イチゴは、とても人気のあるフルーツで、スイーツ業界で広く使われています。しかし、イチゴは季節性が強く、夏秋には出荷量が大きく減少します。しかし、ケーキ店などでは季節問わずイチゴのケーキが販売されているのは、なぜでしょうか?ここでは、ケーキ屋さんやクレープ屋さんがいちごを一年中安定的に仕入れる方法について掘り下げていきます。
1. 夏秋時期にイチゴが少ない理由
イチゴの生産は、主に12月〜5月です。夏と秋は気温が高く、イチゴが育つには不向きなため、出荷量が大幅に減少します。また、高温多湿の条件下では、イチゴの病害が発生しやすく、品質の管理が難しくなります。現在夏秋時期に生産されているイチゴは、北海道などの寒冷地や、標高1000m以上の気温が低い場所となっています。
2. 時期別イチゴの出荷量推移
イチゴの供給は季節によって大きく変動します。旬の期間(12月〜6月)には供給量が豊富ですが、夏から秋にかけては天候や病害の影響を受けやすく、市場への供給が減少します。この時期には、海外産のいちごや、冷凍いちごやドライいちごなどが代替品として利用されています。イチゴの1年間を通しての流通量は下図の通りです。国産いちごは農水省の特産果樹動態等調査より、輸入いちごは財務省貿易統計より、月毎の出荷量、輸入量をグラフにすると以下の通りです。
引用元:グローバルフルーツ
3. 夏秋いちごの購入方法
夏秋に新鮮なイチゴを仕入れるためには、国内外の市場を利用する方法があります。例えば、国内産ではなく、アメリカやオーストラリア、韓国など他の地域から輸入することも一つの手段です。国内の場合、市場ではあまりイチゴが流通しないため、果物に特化した卸売企業や、農家直送サービスなどを利用して、新鮮なイチゴを仕入れる方が、安定した仕入れを行えるかもしれません。
2024年度の場合、円安の影響を受けて海外産のイチゴの価格が1.5倍ほどの推移となっているため、海外産と国産の価格差がほとんど無くなっています。これを機会に、国産イチゴの仕入れを検討するのも良いかもしれません。
4. ケーキ店におすすめのイチゴの種類
デザート作りに適したイチゴは、甘みと酸味のバランスが良く、硬めの果実が選ばれます。例えば、「すずあかね」「サマーリリカル」「サマープリンセス」「夏の雫」などの品種が、その特性を満たしています。甘さを重視される場合、「信大BS」「なつみずき」「なつおとめ」などがおすすめです。
5. 一年中安定的にイチゴを購入する方法
- 長期契約: 地元の農家や卸売企業と長期契約を結び、安定供給を確保します。
- 加工品の利用: 冷凍いちごやイチゴピューレ、ドライイチゴなどの加工品を活用します。

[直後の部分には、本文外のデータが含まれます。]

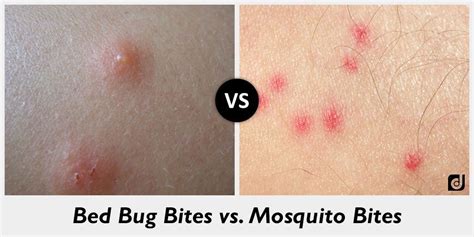 HD What Do Mosquito Bites Look Like On Humans Insectza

- 輸入イチゴの活用: 季節によっては、海外から輸入されたイチゴを利用します。
- 品種の多様化: 様々な品種のイチゴを仕入れることで、一年を通して提供できます。
これらの方法によって、ケーキ屋さんやクレープ屋さんは、季節を問わずに新鮮で美味しいイチゴを提供し続けることができます。